13 European Banks Don’t Have Enough Money To Survive A Financial Crisis

Euro burning ecb
In this Nov. 3, 2011 file photo, activists of the Occupy Frankfurt movement have set up a fire near the Euro sculpture in front of the European Central Bank in Frankfurt, Germany.

The European Central Bank said on Sunday that 25 eurozone banks showed a capital shortfall, after a year-long review of finances for 130 of the largest banks in the euro area.

The assessment goes through Dec. 31, 2013. Since then, 12 of the 25 banks have already covered their capital shortfall, which totals €25 billion, the ECB said. That means 13 banks still do not have enough money to whether a financial crisis.

The banks with existing shortfalls, which have not been named, now have two weeks to submit plans to the ECB detailing how the firms plan to raise capital. The banks will have nine months to cover the shortfall, the ECB said.
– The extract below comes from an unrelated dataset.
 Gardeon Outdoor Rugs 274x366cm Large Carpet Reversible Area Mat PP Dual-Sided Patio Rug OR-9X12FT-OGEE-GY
Out of the 25 banks, Cyprus, Greece, Portugal, and Italy have the proportionally highest shortfall, the report said. You can see Italy leads the pack in the pie graphs below.

ECB Stress Tests

In a statement, the ECB said, “By identifying problems and risks, [the review] will help repair balance sheets and make the banks more resilient and robust. This should facilitate more lending in Europe, which will help economic growth.”